Legal: In another rebuttal yesterday, Jatan Prasad Lalchand Prasad (JPLP) submitted that the Office of the Attorney General (OAG) has wrongly inflated the sales for the year 2014.

The defendant’s lawyer argued that the prosecution had entered the same bills twice. The lawyer submitted to Phuentsholing dungkhag court that the sales worth Nu 522.186 million (M) declared in the charge sheet was inflated from Nu 517.803M, causing a difference of Nu 4.382M.

“The sales report prepared by the learned prosecution will show that in many instances the same bills have entered twice,” it was mentioned in the submission. JPLP also submitted the other changes discovered from comparing its statutory audit report and OAG’s charge sheet for the income years of 2011, 2012, and 2013.

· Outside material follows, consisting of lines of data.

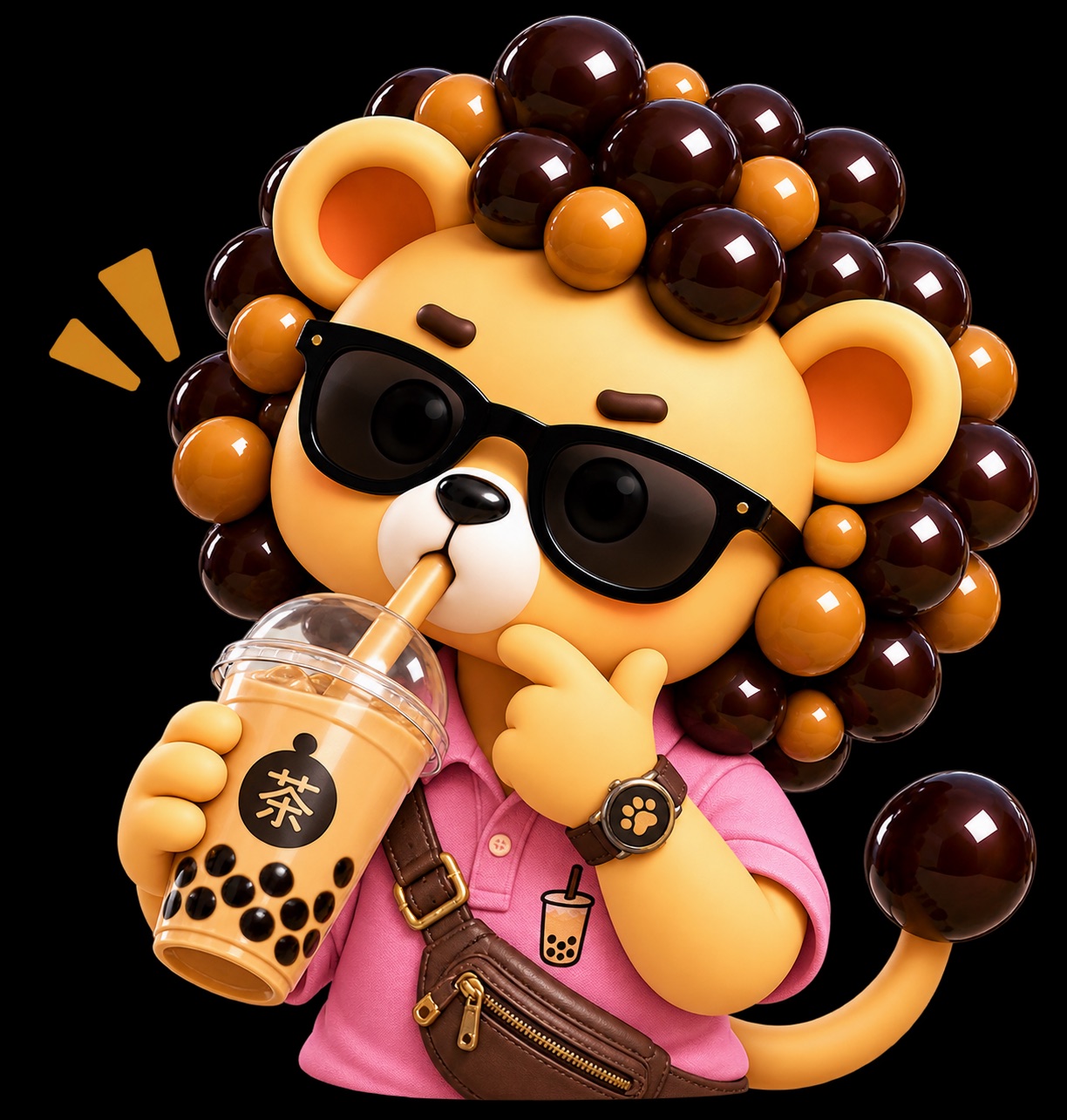 Maestro the Boba Lion in his Boba Lab edition look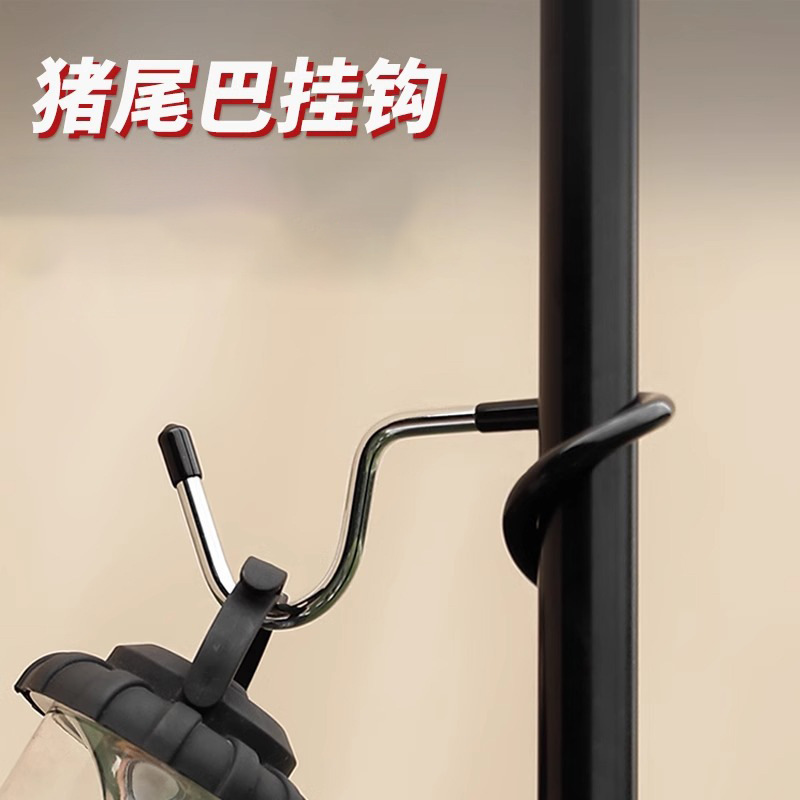 No-Drill Pig Tail Hook for Balcony Security Window, Dormitory Clothes Hook, Outdoor Stainless Steel Non-Slip Hook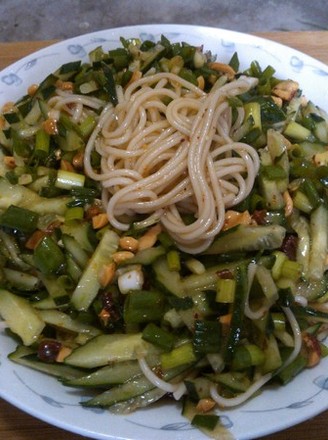 Cold Noodles with Cucumber and Shallots recipe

Its main argument was that OAG had included purchase costs in the sales amount to determine tax liability, which the JPLP lawyer pointed out, was wrong.

In a rebuttal, OAG representatives had said that the defendant had not deducted the purchase costs at the time when it was supposed to, explaining that the law did not allow deducting purchase costs now. Both the parties reiterated the same expressions yesterday.

The main contention, however, was the provision of section 35.2 of the Income Tax Act 2001 that states: “Expenses related to income under Section 35.1 shall be disallowed as deductions.” OAG pointed out that an entity is not allowed to deduct the expenses or purchase costs after it is missed at the supposed time. If the law allows, then, there won’t be tax evasion, OAG representatives said.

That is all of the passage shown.